There was a moment of hope – and a decent round of applause – when Rahmat re-emerged after the ninth wicket went down. One ball later it was over. Rishad Hossain sent down a googly – a leg-spinner’s delivery that spins the other way – Rahmat mis-read it, took the impact in the midriff and dropped to the turf. Mehidy Hasan Miraz helped him back on his feet but the batter couldn’t stay there, let alone run. The stretcher wasn’t used; the wheelchair was.
Team physio Nirmalan Thanabalasingam, who sprinted to the middle twice in the space of half an hour, delivered the blunt update afterwards. “He unfortunately succumbed to his injury so he is out now,” he said. “We will do the all the right things in terms of imaging and stuff tomorrow. He is going to be out for some time, I think.”
No scans yet, so no exact timeline, but a torn calf typically rules a player out for several weeks, occasionally longer if there’s any tendon involvement. Afghanistan’s selectors will almost certainly need cover before the final ODI – and perhaps for the incoming Test tour.

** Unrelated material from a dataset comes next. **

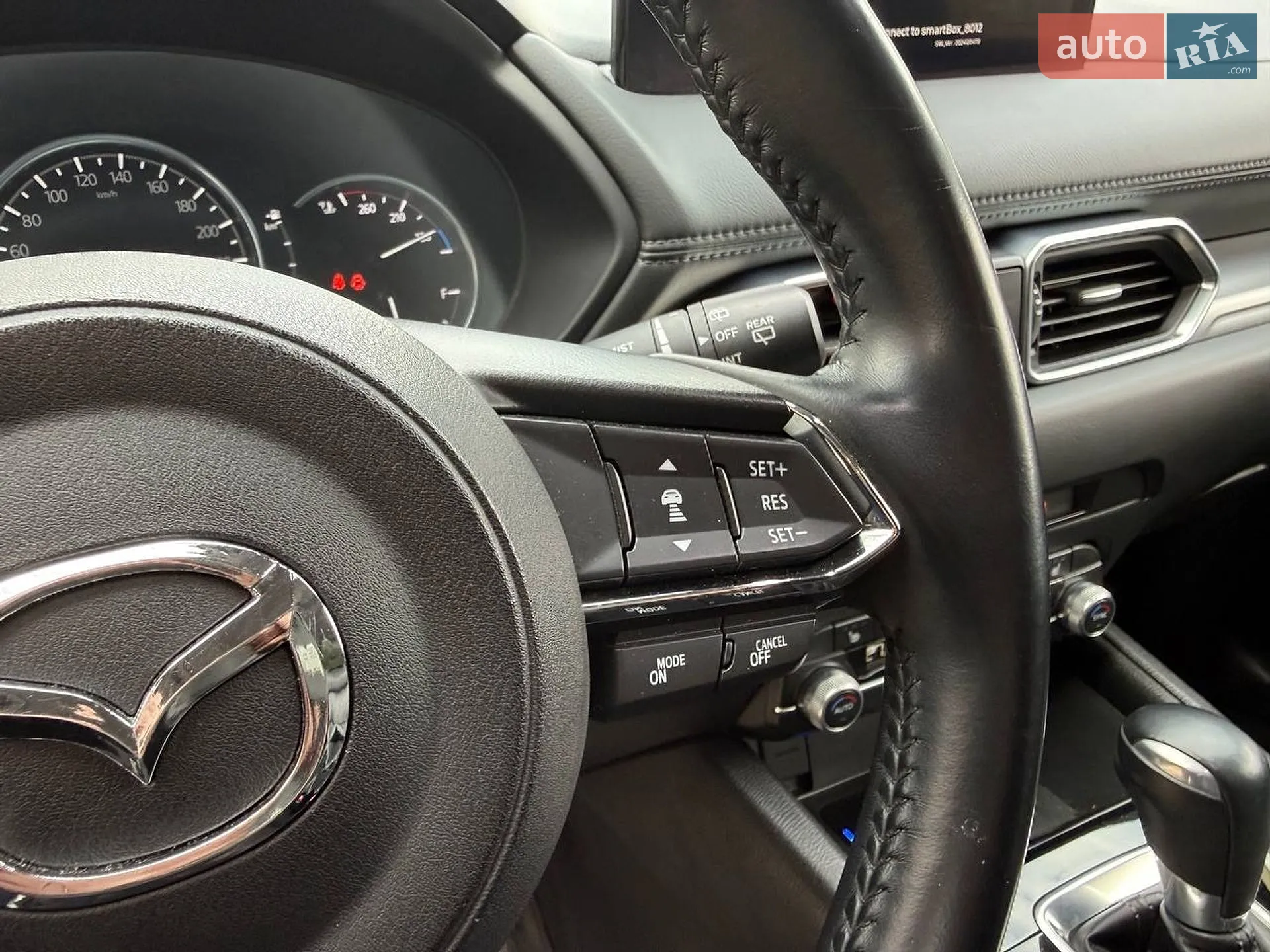 2021 Mazda CX-5 - мініатюра 21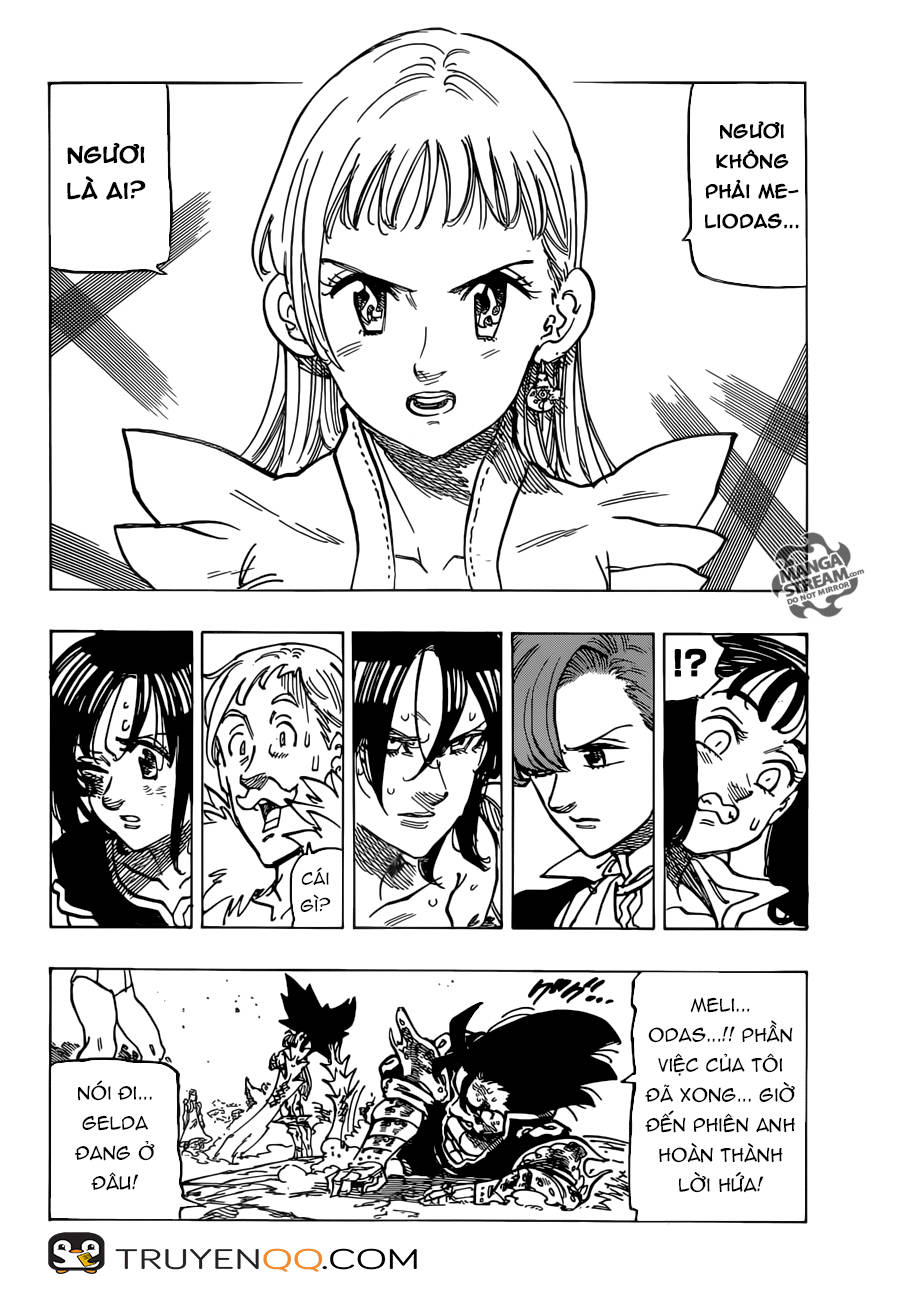 Thất Hình Đại Tội Chapter 300 - 5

Bangladesh, for their part, kept their composure. Taskin Ahmed, operating with the new ball, had already removed the openers; Rishad and Mehidy then shared six wickets between them once Rahmat had gone. “Losing a batter mid-innings always shifts the balance,” bowling coach Allan Donald observed on the TV broadcast. “You could see the momentum swing when Rahmat walked off.”
From Afghanistan’s perspective the bigger worry is cumulative. Rahmat anchors the middle order, dovetailing with Hashmatullah Shahidi and providing a calm hand whenever the top three mis-fire. With him in a moon-boot – as he was leaving the stadium – there’s a strategic hole as well as a numerical one.
There will be an update once the scans land. For now, Afghanistan must prepare as if their most experienced batter won’t be available. It’s not ideal, but that’s international cricket: the series doesn’t pause for sore calves, however influential the owner of that calf might be.